El pueblo minero es un alma, la de Huw que recuerda. Al hacerlo, aunque dude de la eternidad del objeto de su amor, cuya presencia la deslava el tiempo, encuentra lo que busca: un escenario hecho a la medida de su espíritu. Al final, después de la muerte de Gwilym en otro accidente dentro de la mina, Huw recuerda escenas cotidianas de su pasado, que son momentos anteriores de la película que se repiten: una comida familiar, Bronwyn bajando las escaleras, Huw paseando con Gruffydd por el campo, Angharad saludándolos. Pero los dos últimos planos son momentos y lugares que no habían aparecido, que no son parte de su pasado y cuyo desprendimiento del tiempo, sin embargo, no es decididamente fantástico. Huw, de niño, camina junto a su padre. A su lado hay una cerca de piedra y un árbol sacudido por el viento. El cielo, hasta ahora tan lejano, por primera vez se siente próximo. De pronto, frente a ellos, en contracampo, atravesando un pastizal, todos los hermanos Morgan se dirigen hacia ellos. Se reconocen. Huw y Gwilym van a su encuentro y la película acaba. No los vemos alcanzarse. Hay una reconciliación aparentemente sustraída pero innecesaria. La música y el fervor idílico de los escenarios en estos planos dan a entender que, a pesar de los conflictos y las separaciones, el espíritu de los Morgan se conservará íntegro, quizá no en el tiempo concreto y decadente, pero sí en otro más puro: la imagen vital y devocional que Huw solidifica con su fervor. Que Ford no muestre en el plano final una reunión que desmienta la desintegración es a la vez un signo de pesimismo y de sensatez. Mostrarlo hubiera sido someter el deseo a la imaginación. Al no hacerlo, lo real, aquello frágil que muere, adquiere el valor que su propia transitoriedad implica. Cada momento en que los Morgan y la comunidad minera lograron sobrellevar las penurias de la vida potencia su presencia concreta y alimenta el encanto con el que Huw recuerda su infancia, edén perdido, patria que ya solo a él le pertenece y en cuya soledad interior revive un mundo.

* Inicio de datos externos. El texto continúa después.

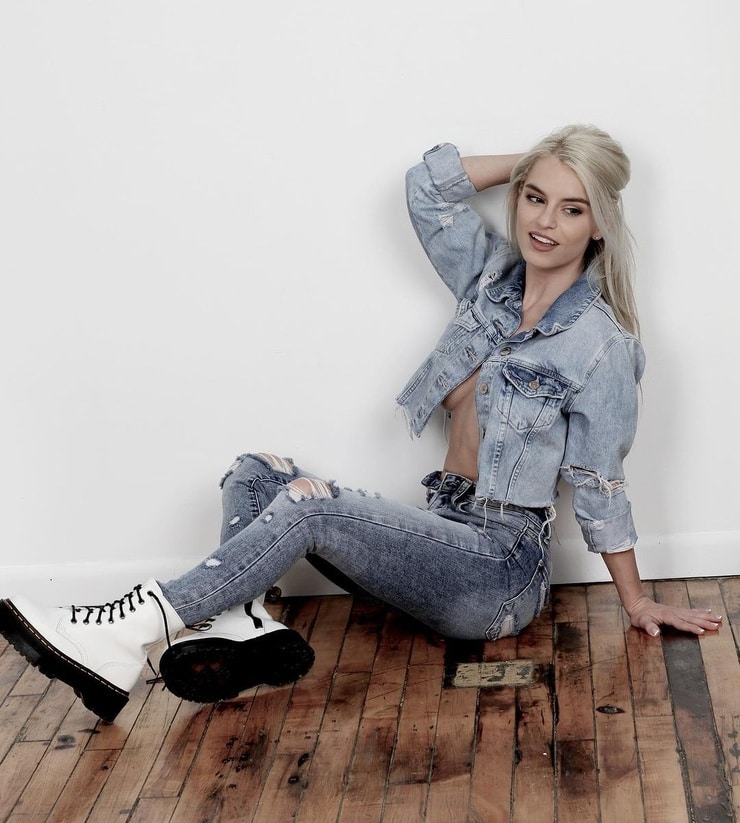 bri lauren nude - ebony valley teens playgirl live cams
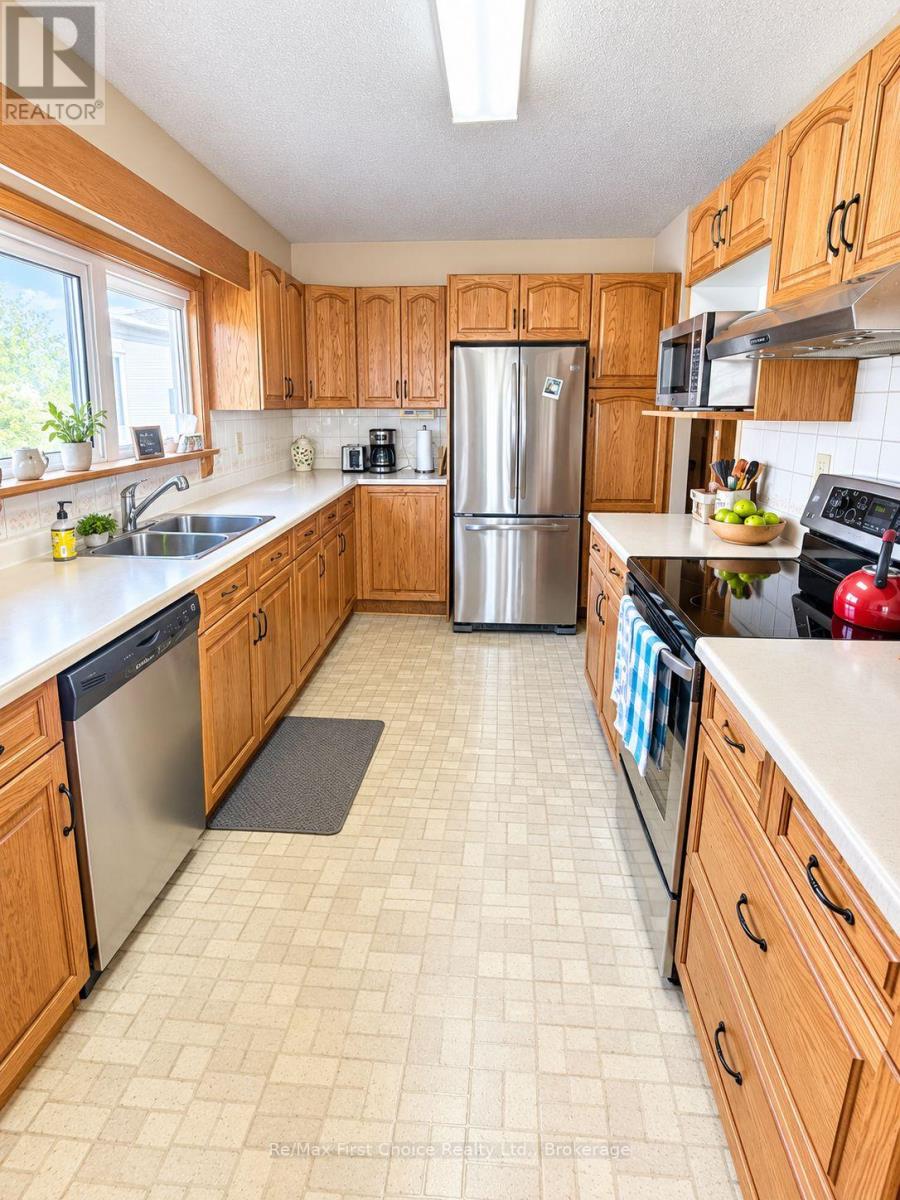 248 Third St Street E, Fort Frances, Ontario  P9A 1P8 - Photo 2 - X13756066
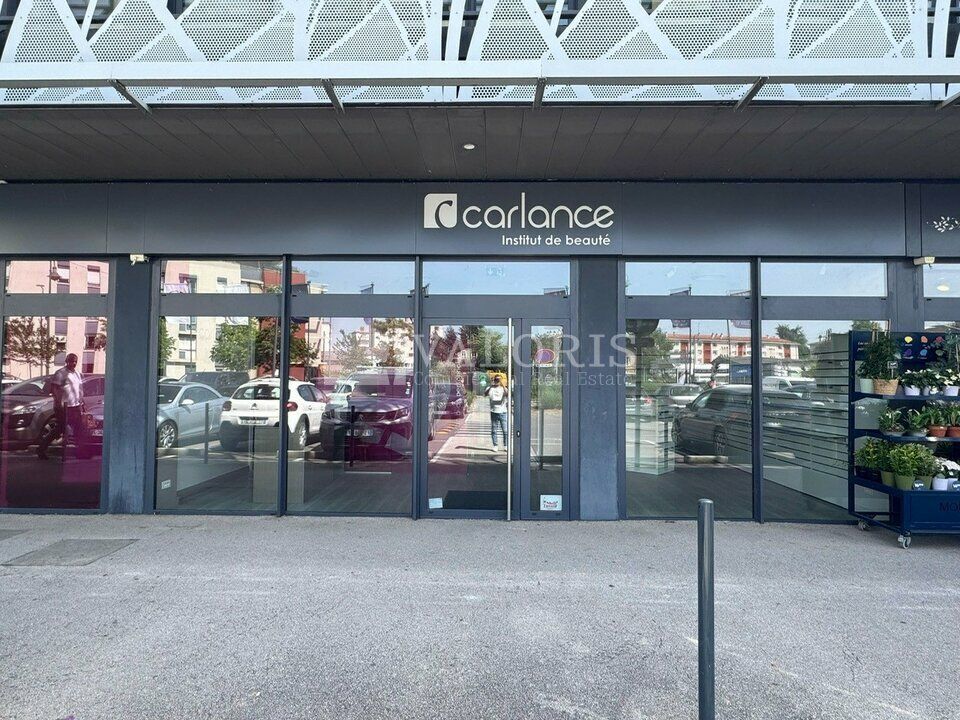Location local commercial 149 m² non divisibles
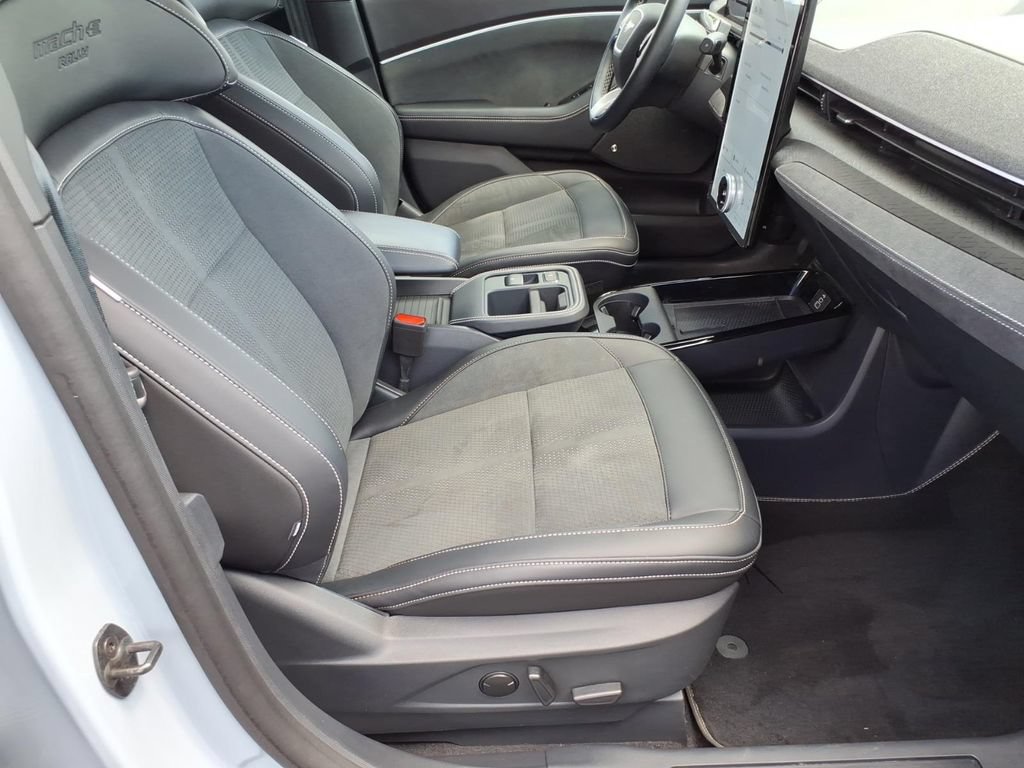 Certified 2025 Ford Mustang Mach-E GT AWD/4WD image 7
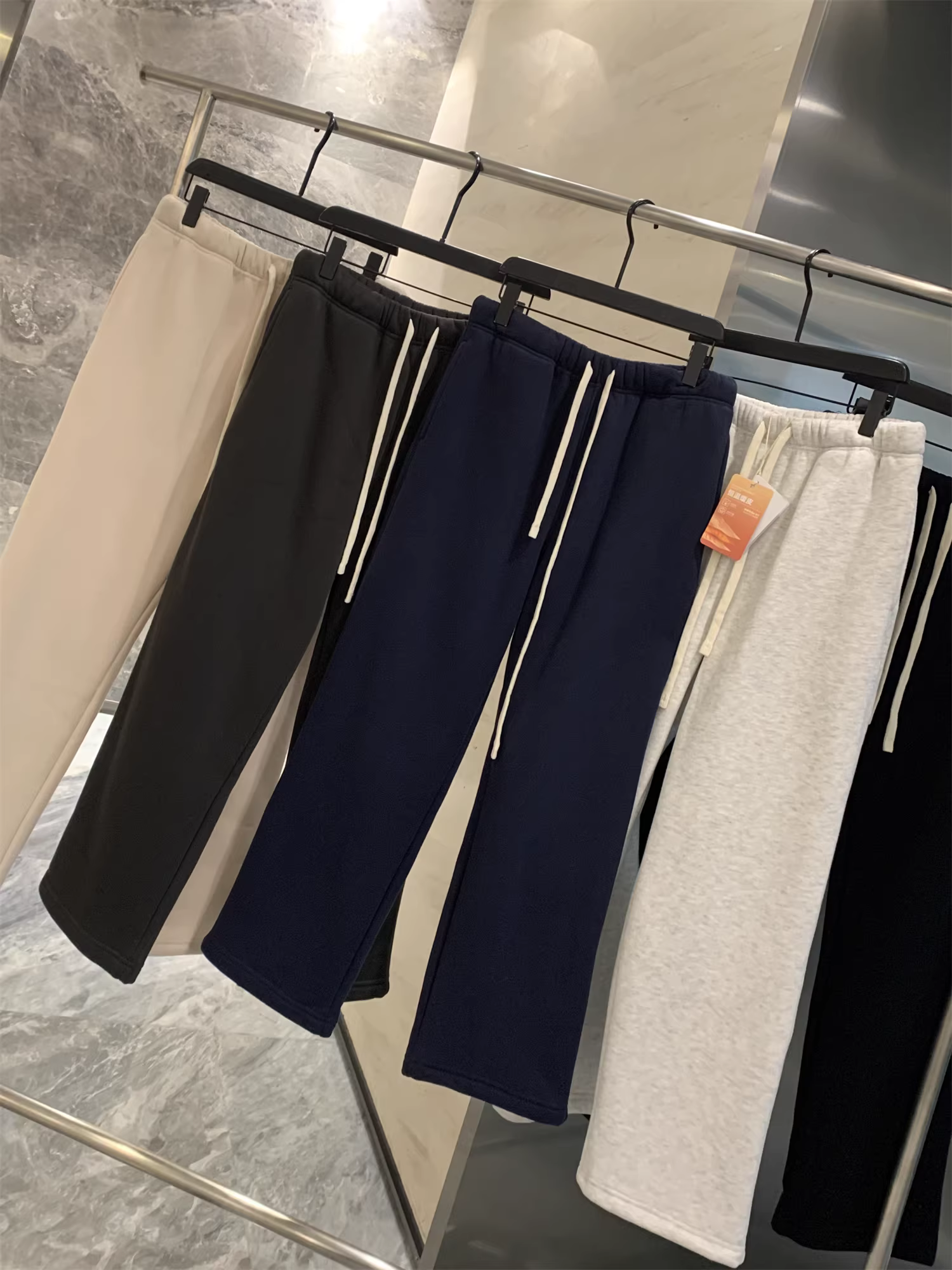 Don Quixote, luôn ấm áp và thoải mái! Quần áo thường ngày cơ bản! Quần ống đứng đa năng, ấm áp, lót lông cừu mùa thu đông.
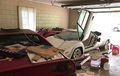 Harta Karun di Tempat yang Gak Terduga, Lamborghini Countach dan Ferrari 308 Malah Terbengkalai di Garasi Nenek-nenek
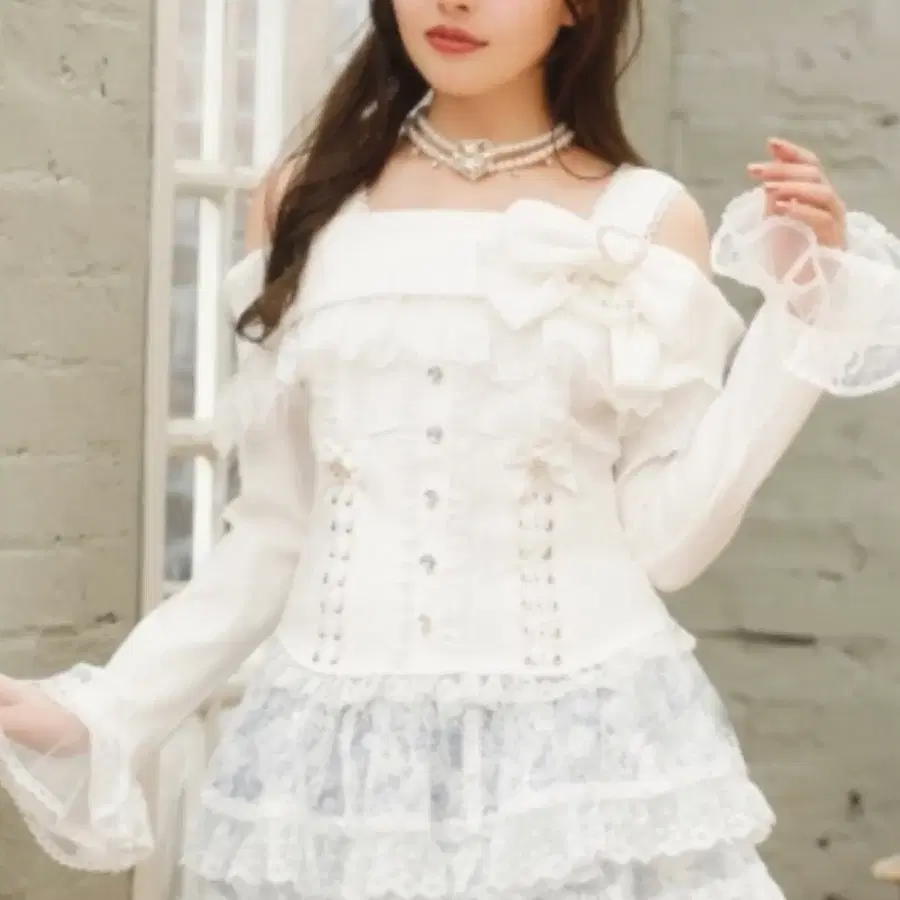 리즈리사 사이드 리본 오프숄더 탑 화이트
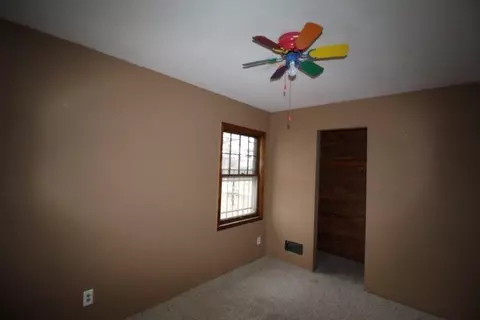 613 N Broad St, Griffith, IN 46319 photo 10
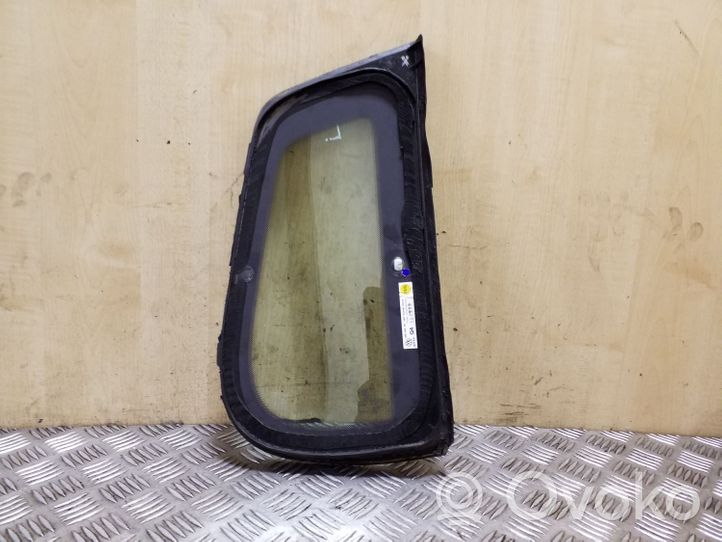 Volkswagen Tiguan Fenêtre latérale avant / vitre triangulaire 5N0845041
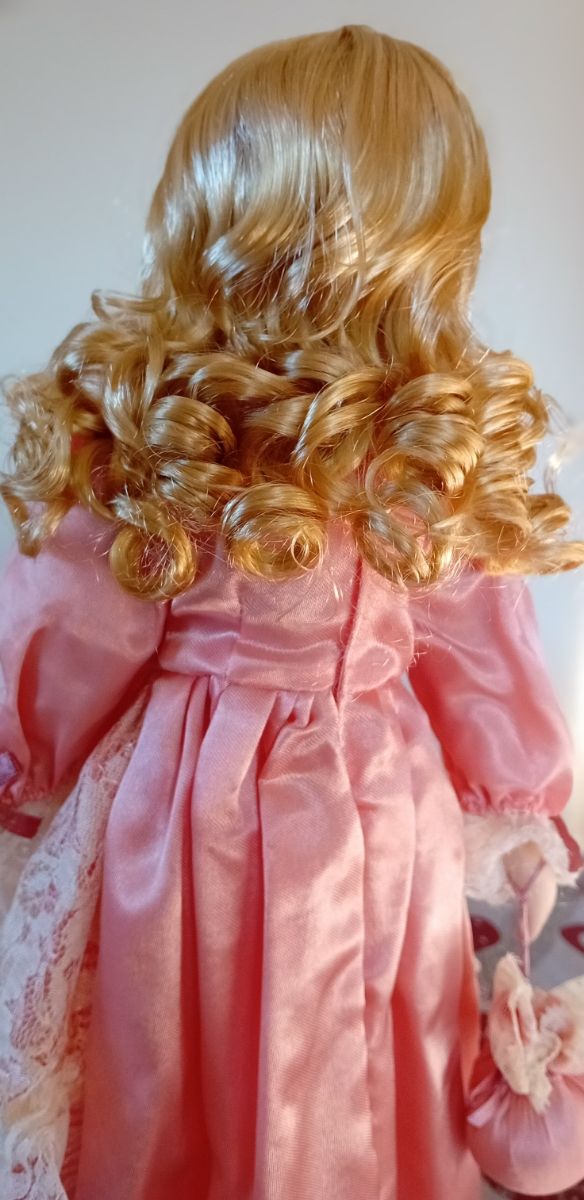 Muñeca de porcelana.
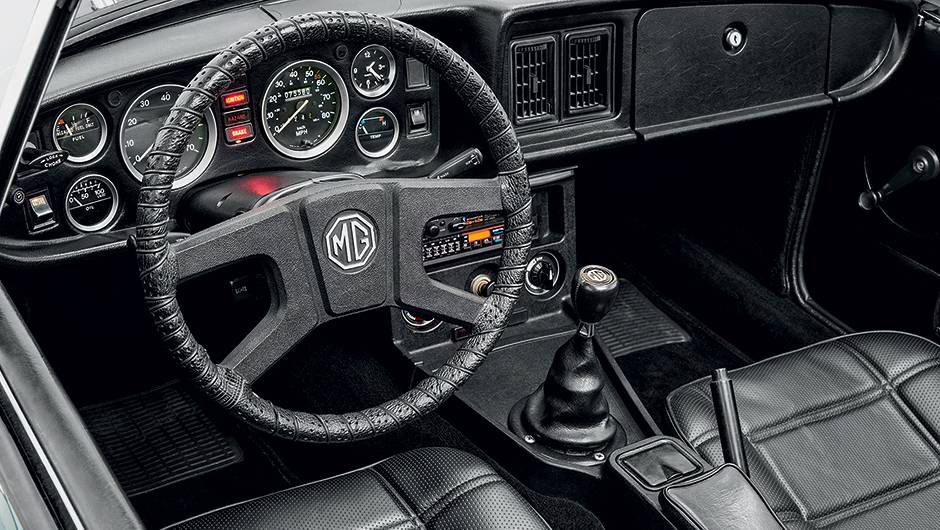 Quadro completo de instrumentos, t&iacute;pico dos ingleses | <a href="https://beta-develop.quatrorodas.abril.com.br/carros/classicos-grandescarros/mg-mgb-761210.shtml" rel="migration">Leia mais</a>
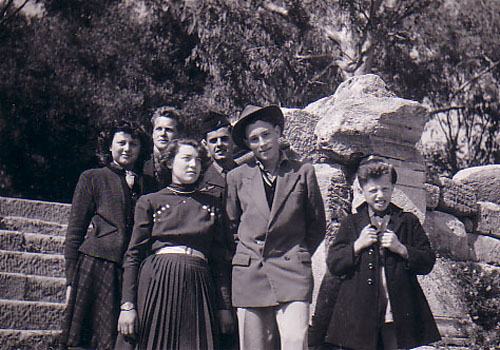 1954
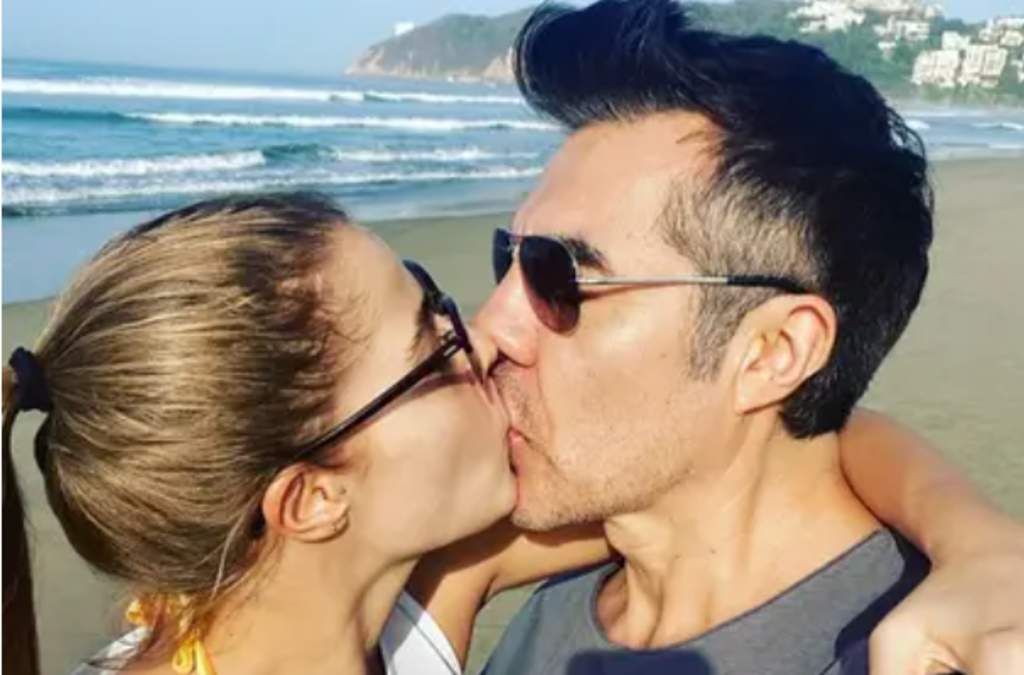 Adrián Uribe anuncia que espera a su segundo hijo
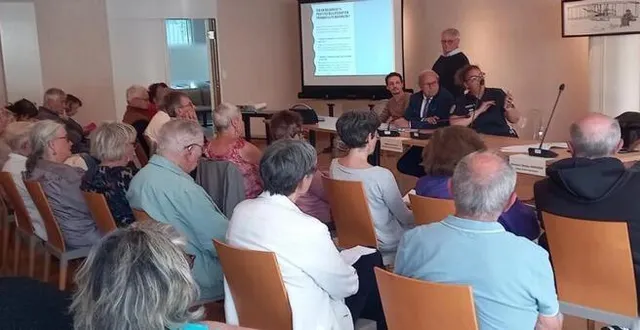 photo  une cinquantaine de personnes ont parlé de « tranquillité vacances », en présence de la police nationale.  &copy;  le maine libre 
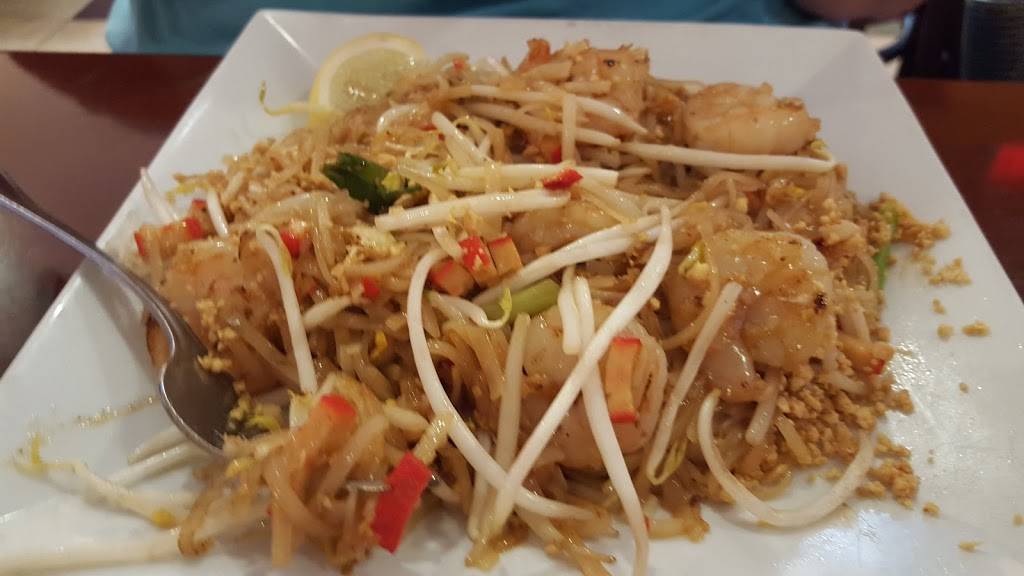 Bangkok St. Thai Restaurant | 3073 Nutley Street, Fairfax, VA 22031, USA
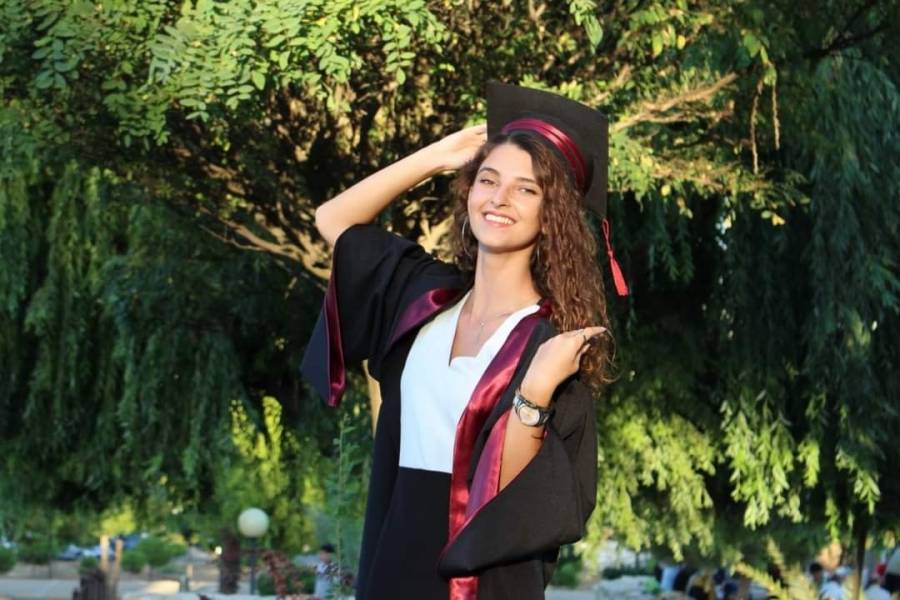 تهنئة للطالبة إسيما ماهر حتاحت بمناسبة نجاحها بالثانوية العامة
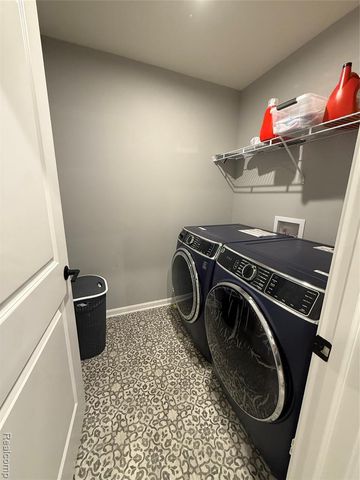 4811 Broomfield Way, Lake Orion, MI 48359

Al final, Ford deja sus contradicciones intactas: la materia potencia al espíritu, pero no se le somete. El espíritu anima la materia, pero no la hace eterna. La subjetividad se nutre de su idealismo y en él contempla su destino finito, reviviendo las pasiones cuya mortalidad las hace intensas. Las contradicciones se intensifican a sí mismas y marcan un escenario con el signo de una mirada irrefutable. Nada fundamental ha cambiado, el mundo sigue, las miradas se pierden y se encuentran en abrazos confundidos y despedidas silenciosas. Vemos un lugar, un camino, individuos que llegan y se van. Y, entre la entrada y la salida, cuando una presencia heroica anima el paisaje con el designio trágico de recuperar lo que ya está perdido de antemano o de cometer su propio sacrificio, el cine encarna los misterios del espíritu.